Player One Amusement Group
- Formerly: Cineplex Starburst; Brady Starburst; Premier Amusements; Tricorp Amusements; Sega Amusement Works;
- Company type: Subsidiary
- Industry: Video Game Arcades; Amusement Parks; Entertainment;
- Founded: 2012; 14 years ago (as Cineplex Starburst)
- Founder: Starburst Coin Machine; Cineplex Entertainment;
- Headquarters: Mississauga, Canada
- Number of locations: 25 Offices (2017)
- Key people: John Kolliniatis (VP & General Manager)
- Products: Redemption (Ticket) Games; Video Arcade Games; Pinball; Kiddie Rides; Jukeboxes; Photo Booths; Table Games;
- Services: Consultation; Entertainment; Merchandising; Operations; Parts and Service; Sales and Distribution;
- Parent: Cineplex Entertainment; (2012-24); OpenGate Capital; (2024–2025); GENDA (2025–present);
- Website: www.winwithp1ag.com

= Player One Amusement Group =

Canadian arcade game distributor

Player One Amusement Group (P1AG), formerly Cineplex Starburst, is a Canadian arcade game distributor. The firm also owns Playdium, a large amusement centre in Mississauga, Ontario.

Formed in 2012, it was created via the successive mergers and acquisitions of Starburst Coin Machine, Brady Distributing, Premier Amusements, Sega Amusement Works, Tricorp Amusements, and Dandy Amusements.

After controlling the distributor, Cineplex Entertainment sold P1AG in 2024 to OpenGate Capital, eventually selling it a year later to GENDA Inc., the owners of Kiddleton & National Entertainment Network.

==History==

Origin Timeline:
- 1944 - Brady Distributing established
- 1949 - Premier Amusements established (Premier Amusements originally started as Melody Music Company)
- 1974 - Sega Amusement Works (SAW) established.
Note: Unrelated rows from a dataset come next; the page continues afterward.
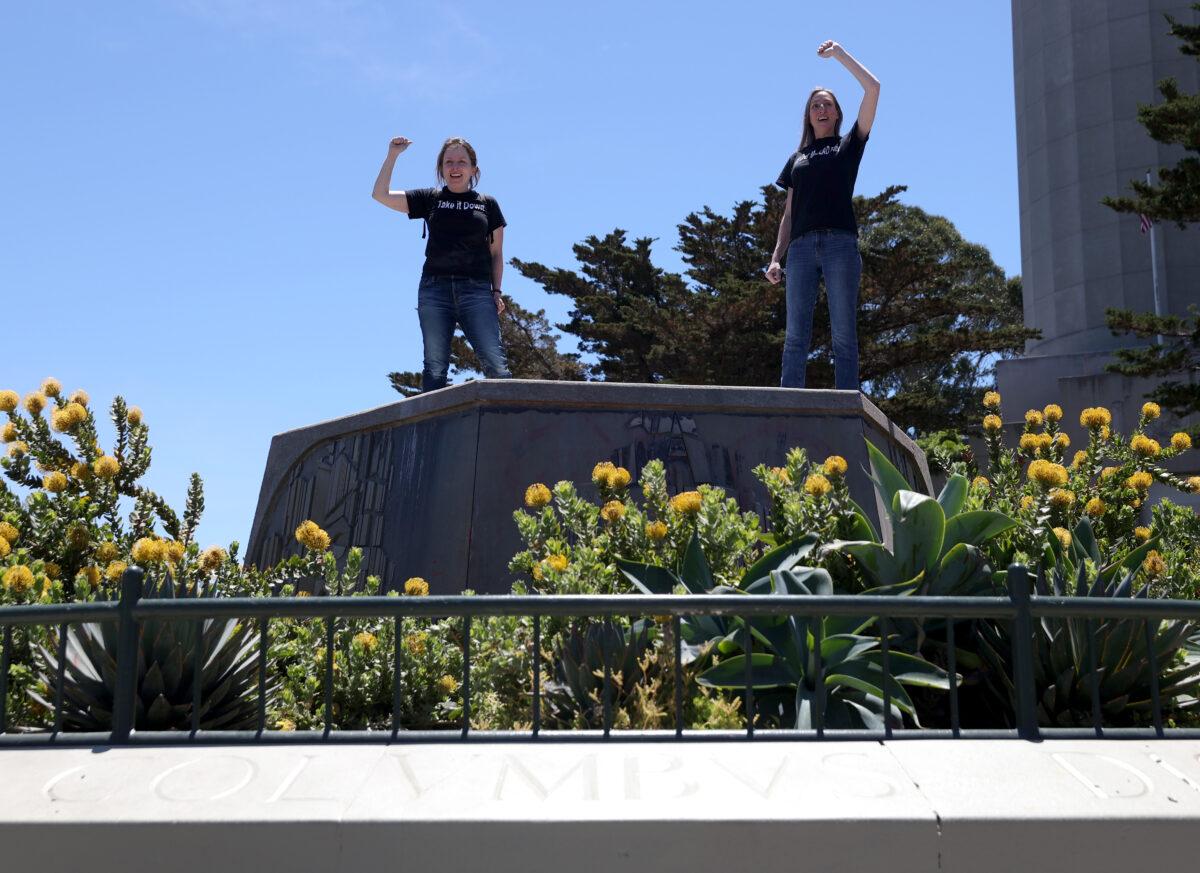 People stand on a concrete pedestal where a statue of Christopher Columbus once stood at the foot of Coit Tower in San Francisco, Calif., on June 18, 2020. (Justin Sullivan/Getty Images)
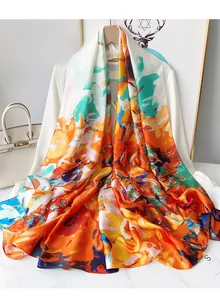 Detailed close-up of a long satin scarf with vibrant orange and blue floral print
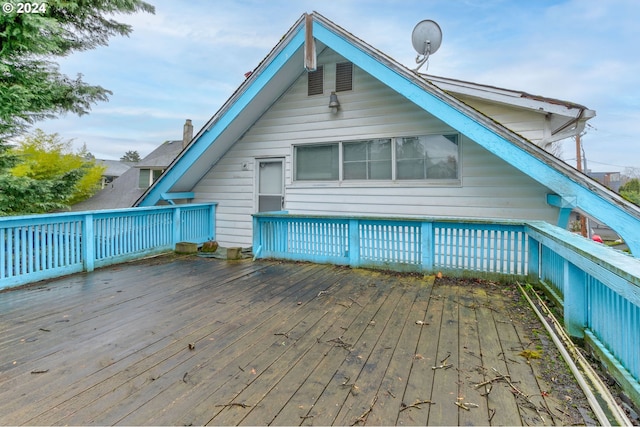 rear view of house with a wooden deck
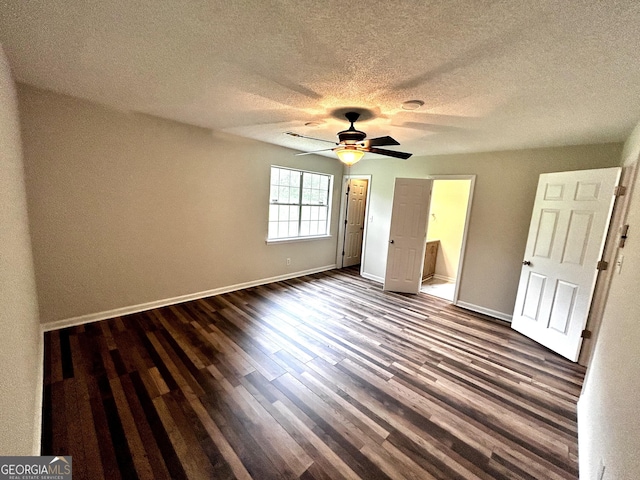 1864 Drew Cir, Austell, GA 30168 - unfurnished bedroom featuring dark wood-style floors, a textured ceiling, connected bathroom, and ceiling fan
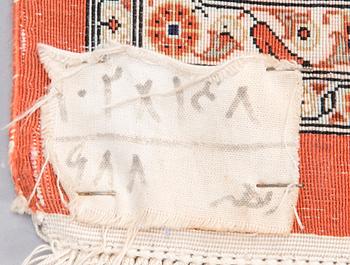 A SILK CARPET, Ghom, signed, 150x102 cm.
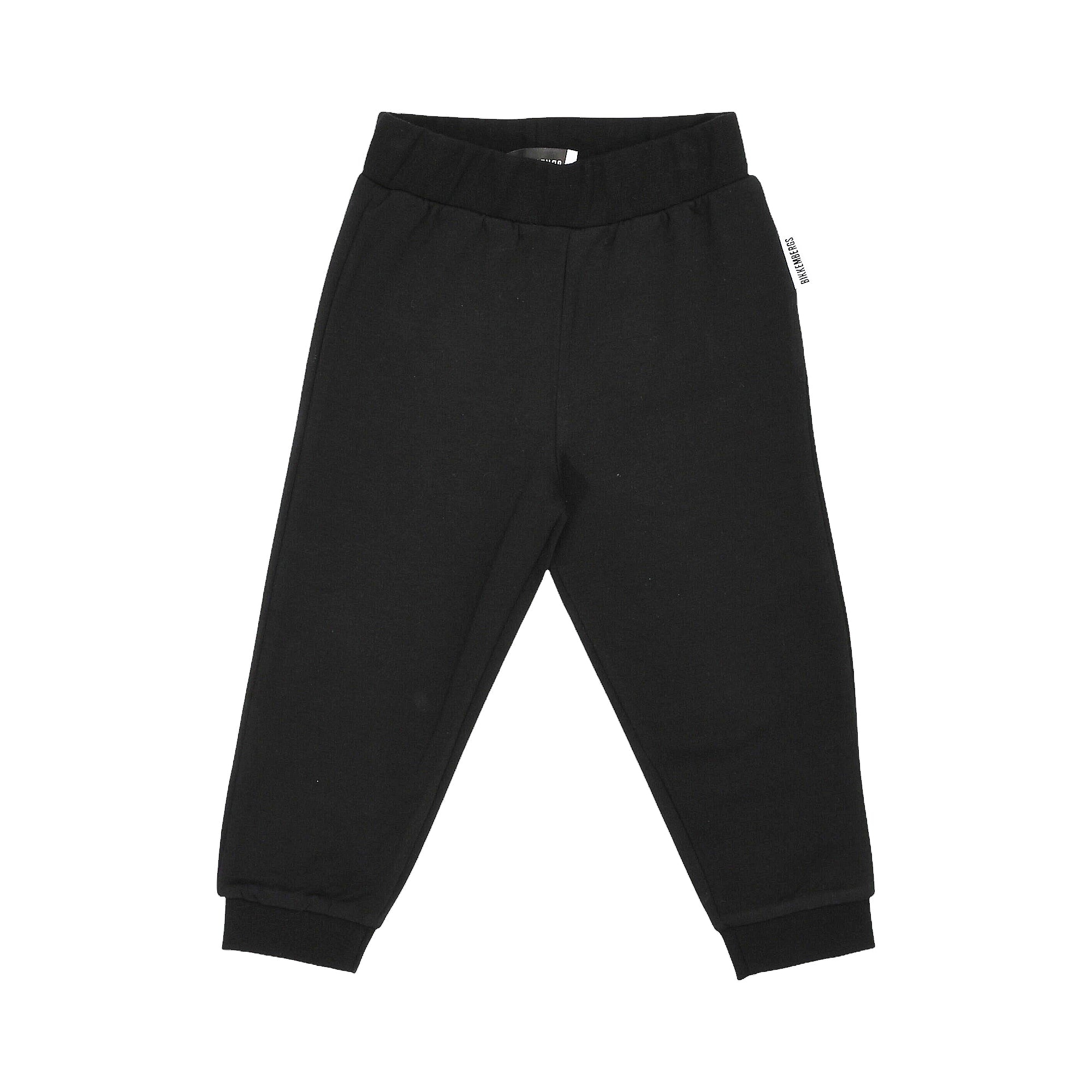 Black jogging bottoms with elasticated waistband and ribbed ankle cuffs. White 'BIRKENKIDS' tag on right waistband.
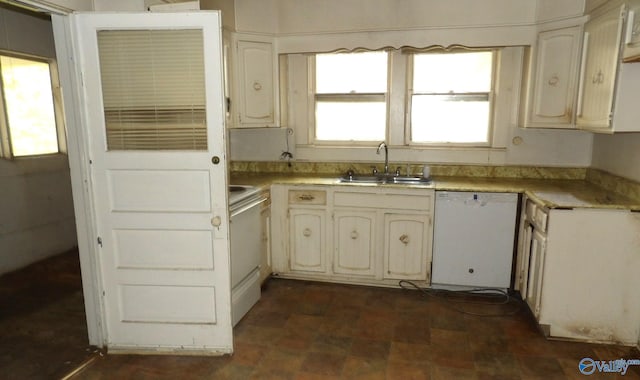 kitchen featuring white dishwasher, stove, light countertops, and a sink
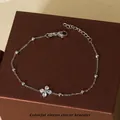 Elegant silver titanium steel clover bracelet with zircon inlay and beaded chain detail - Silver Clear Zircon Clover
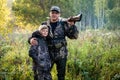 Father teaching his son about gun safety and proper use on hunting in nature. Royalty Free Stock Photo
Formally, Sunshine Company.
- 1975 - Starburst Coin Machine established
- 1982 - Tricorp Amusements established
- 1994 - Playdium established
- 2007 - Starburst Coin Machine acquires Playdium and Premier Amusements
- 2012 - Starburst Coin Machine and Cineplex Entertainment partner to create Cineplex Starburst (also known as CSI)
- 2015 - Brady Distributing and Cineplex Starburst partner to create Brady Starburst
- 2016 - Tricorp Amusements and SAW acquired by Cineplex Starburst
- 2016 - Cineplex Starburst, Brady Starburst, Premier Amusements, Tricorp Amusements and SAW become "Player One Amusement Group"
- 2017 - Dandy Amusements acquired by Player One Amusement Group
- 2020 - Mississauga Playdium permanently closed
- 2021 - Dartmouth, Nova Scotia location opens
- 2023 - Cineplex announces that it has reached an agreement to sell P1AG to OpenGate Capital for $155 million.
- 2024 - OpenGate Capital announced that it had completed the purchase of the company.
- 2025 - GENDA Inc. acquires P1AG from OpenGate Capital.